• [What to work on]: What you return must match the records word for word, except that images are dropped.

[Scraped caption text data]
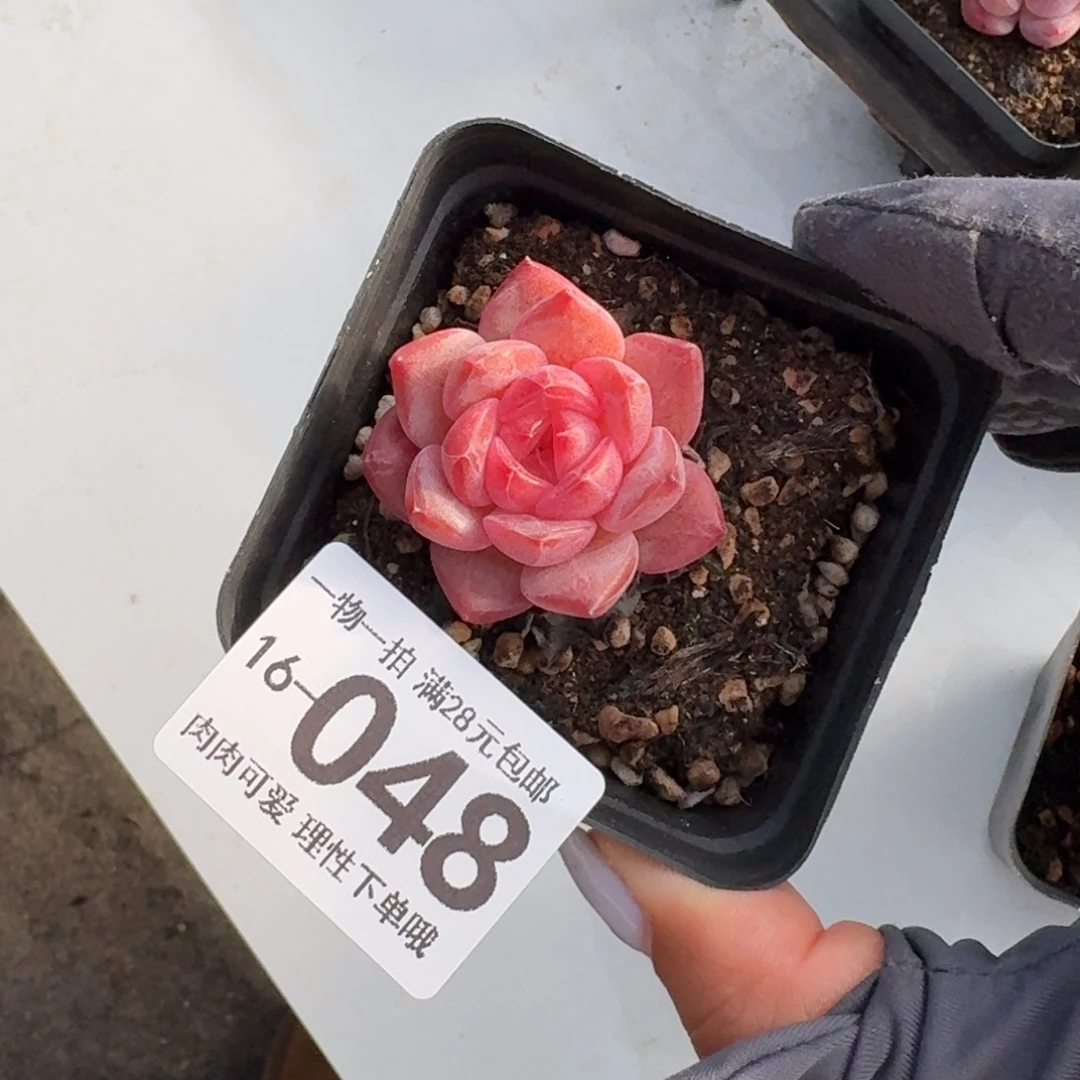 黛玉无盆土发货无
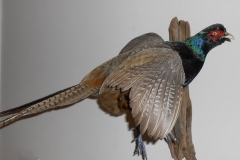 23722281_2000492366902424_453792085086642704_n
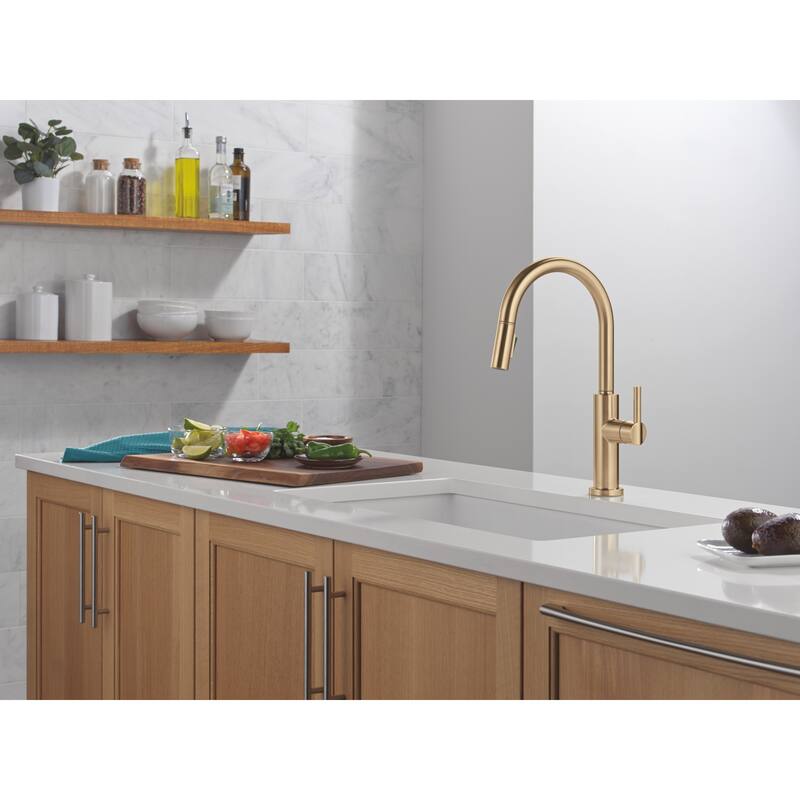 Delta 19867LF Nicoli 1.8 GPM Single Hole Pull Down Kitchen Faucet
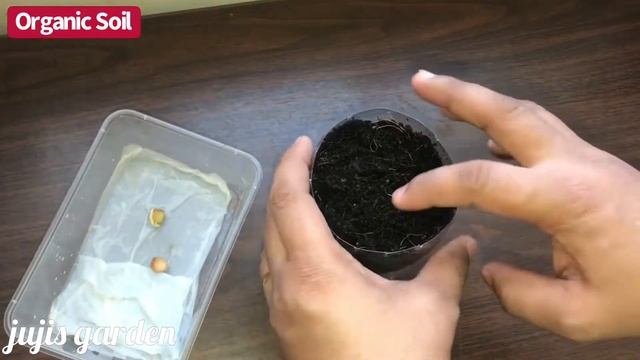 100 Successful How to Grow POMELOCITRUS from Store-Bought Pomelo for Beginner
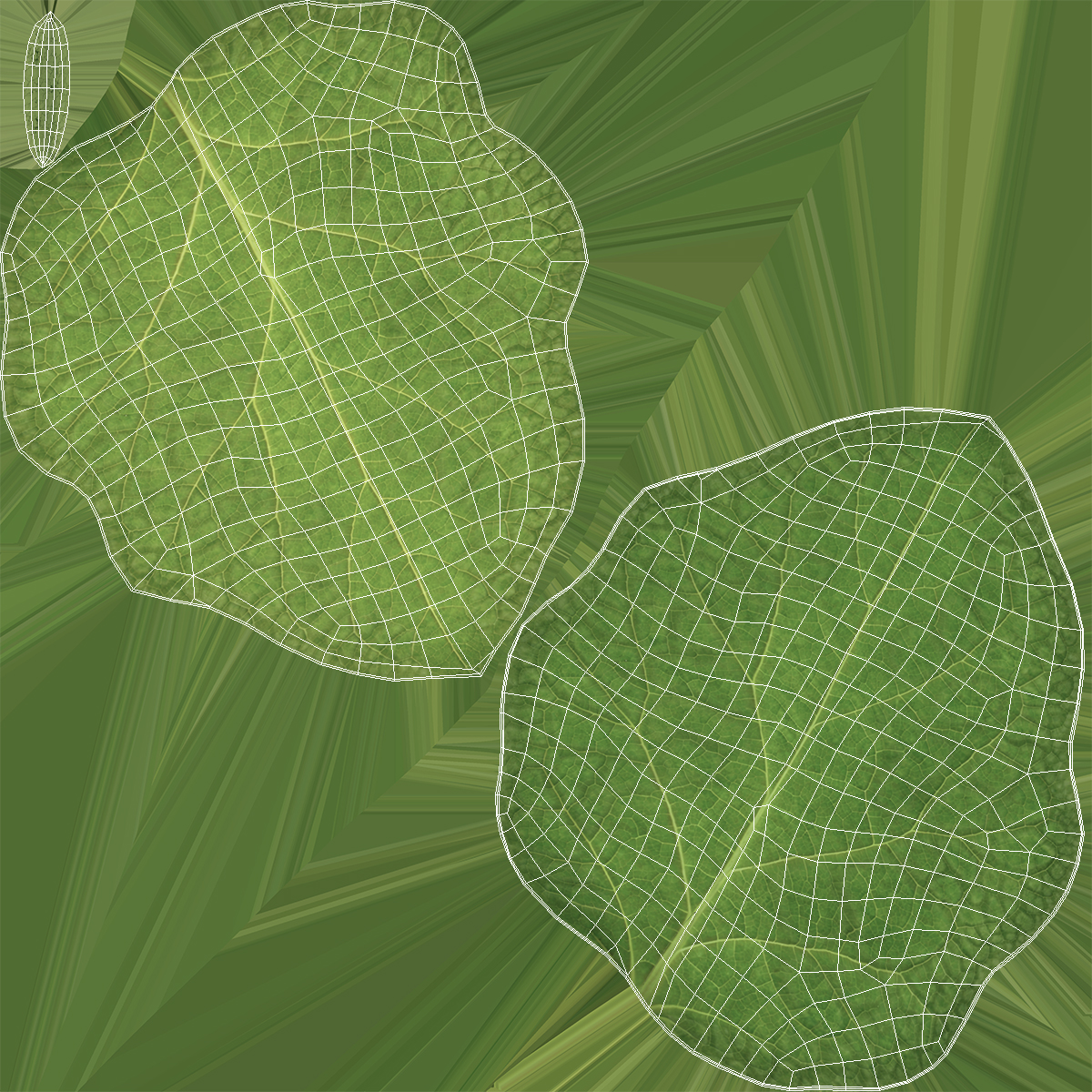 Eggplant Leaf with Organic Structure Green, view 7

• [Solved exercise]:
 黛玉无盆土发货无
 23722281_2000492366902424_453792085086642704_n
 Delta 19867LF Nicoli 1.8 GPM Single Hole Pull Down Kitchen Faucet
 100 Successful How to Grow POMELOCITRUS from Store-Bought Pomelo for Beginner
 Eggplant Leaf with Organic Structure Green, view 7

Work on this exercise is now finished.